I periodically go thru the Unknown taxon to put obvious things where knowing eyes can see them. Some of them just can’t be IDd because of poor photos or you just can’t see what they think is the organism. Others are observations including photos of several organism that need to be split, so they can’t be identified either. Many of them are from people who started years ago and then became inactive.
@jbecky I think there is, sorta: There’s a checkbox at the bottom of the page where you can specify “this observation cannot be further improved”, or some such. I’m … not actually sure what this does, but I assume it takes it out of rotation from needs-ID pools.
I know if two people have marked it as life, it does change it to casual, so it’s out of the ID pool. Not sure in other cases. I try to name in down to the lowest common denominator that I know, note as a comment the photos are of different subjects, and if I’m the second are later to do so, flag it as good as can be.
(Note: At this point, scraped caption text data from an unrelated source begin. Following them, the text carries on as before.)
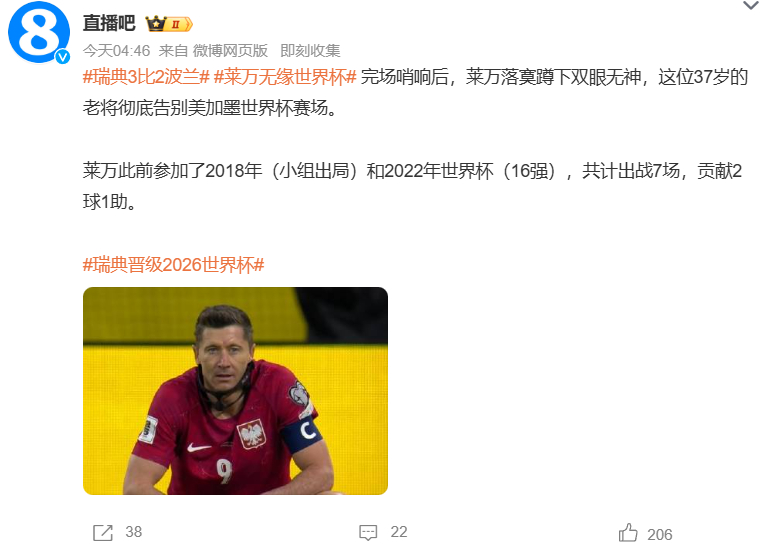 瑞典3比2波兰 莱万无缘世界杯完场哨响，37岁的莱万落寞蹲下，双眼无神，彻底告别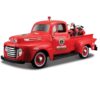 Ford F-1 Pick-Up 1948 + Harley-Davidson FL Panhead 1:24 Diecast Set | Harley-Davidson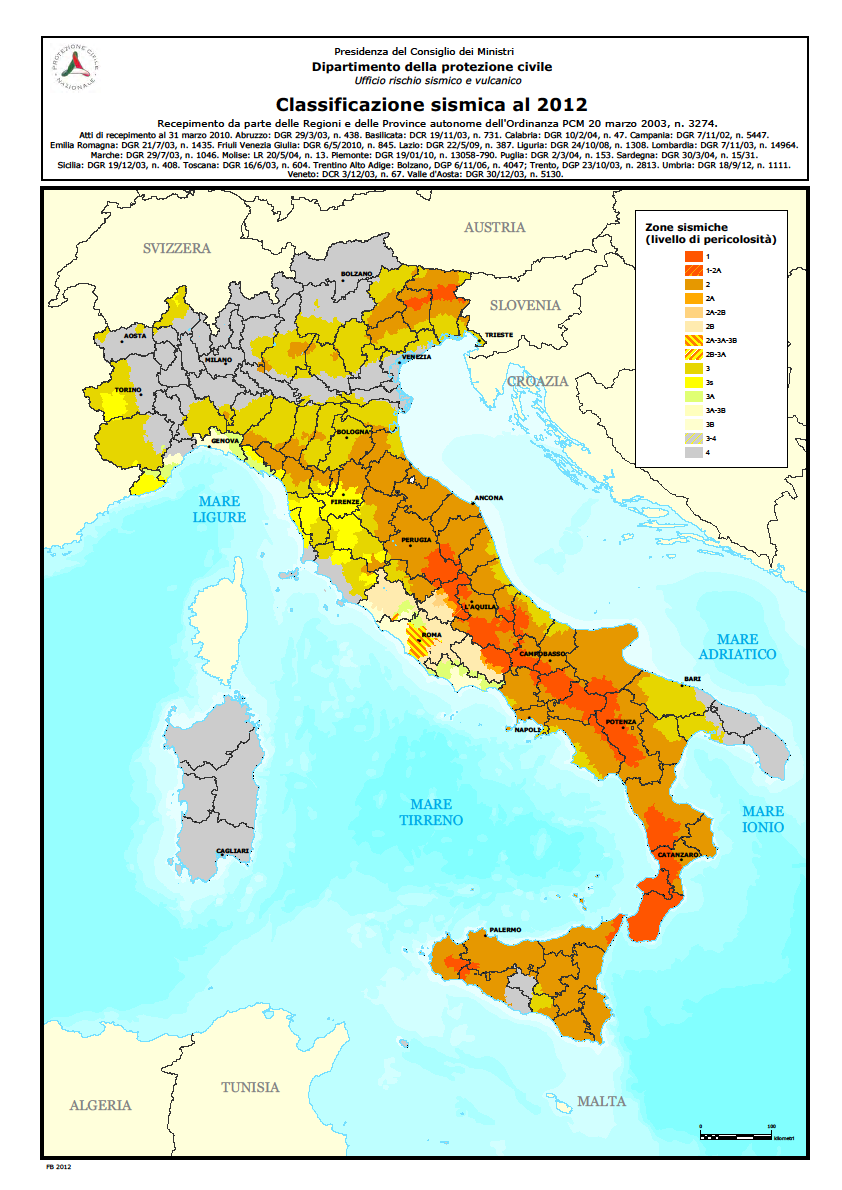 2 INTRODUZIONE Evoluzione della percezione del problema sismico in Italia.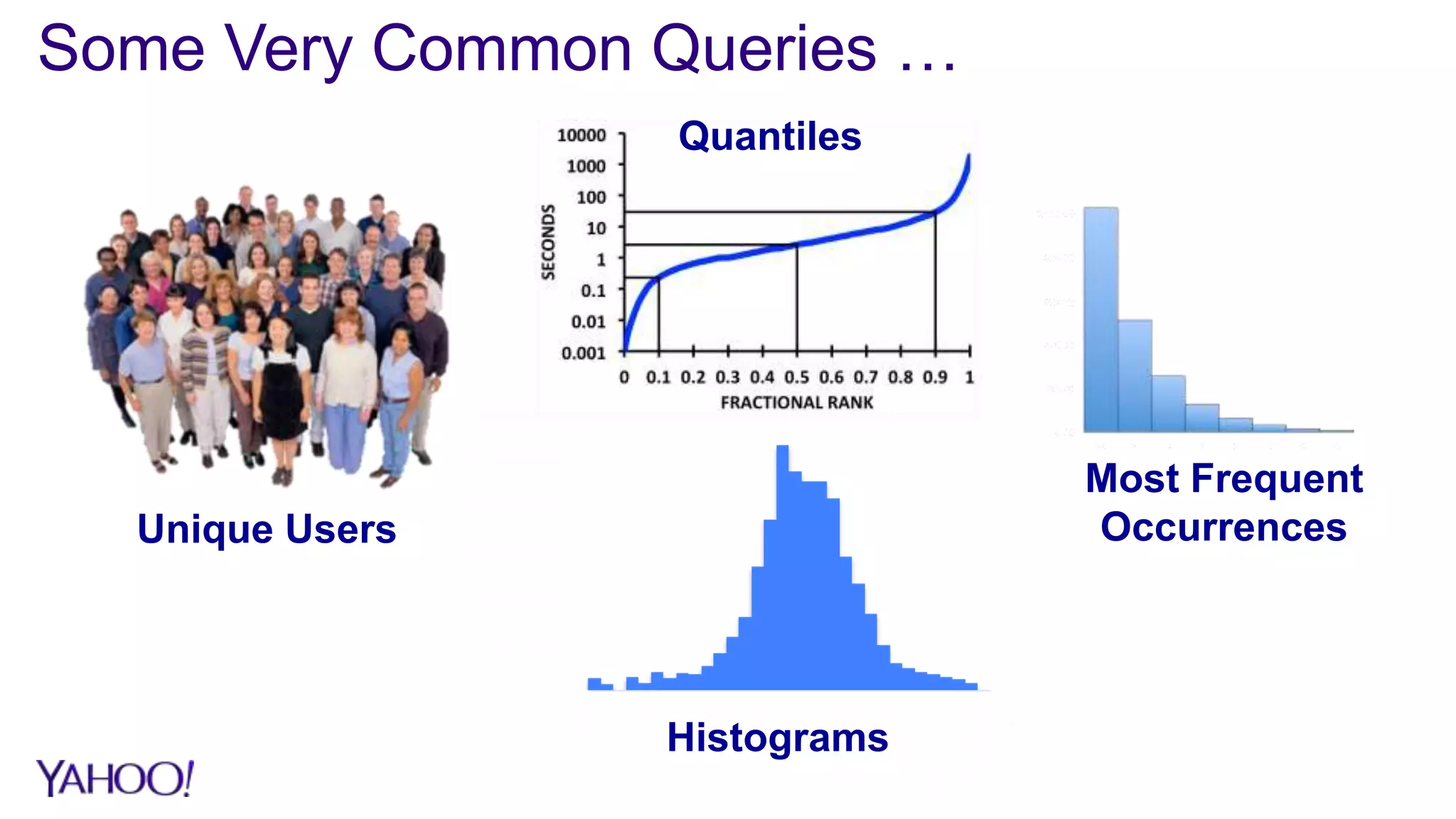 Unique Users
Most Frequent
Occurrences
Histograms
Quantiles
Some Very Common Queries …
Wow - that actually seems kind of undesirable, since certain types of difficult identifications (among algae, or between fungi or slimes, or of microbes) are easiest to find bc they are marked “life”.
They are marked as “unknown”, not “life”. They become “life” after someone marks it as algae, then someone marks it as red algae. And while it is true someone could mark it as life, no one seems to do so. It is amazing the amount of obvious insect, plant, arthropods, etc. that are lingering at “unknown”, let alone the things that can only be determined to be life.
There are a lot of observations with no ID out there. It takes a lot of human work to ID all of those to just kingdom or phylum so that the experts can find the observations and ID them further. I suggest a bot that IDs these unreviewed observations. It could be the same account that automatically marks some species (like Picea pungens) as not-wild. This bot would find observations that have gone one month or more without being IDed, and would use computer vision to give them a kingdom level ID. I think this would really help with getting unreviewed observations to identifiers. If kingdom isn’t enough, it could go to phylum or class, but that gets risky. Also, as to not cause problems with the computer vision training, an observation IDed only by this bot would not be used to train the computer vision, because that would be too recursive. Would this put too much effort on the servers, or would it be too risky to use the computer vision that much?
@mws My apologies, just after approving your feature request, I realized there is already an existing feature request for essentially the same thing. So I have merged it here.
I think this would result in way more State of Matter Life observations than there already are, unless the bot could also read the observer’s description and/or any placeholder to know whether it is the plant or the butterfly or the cat in the photo that is the subject.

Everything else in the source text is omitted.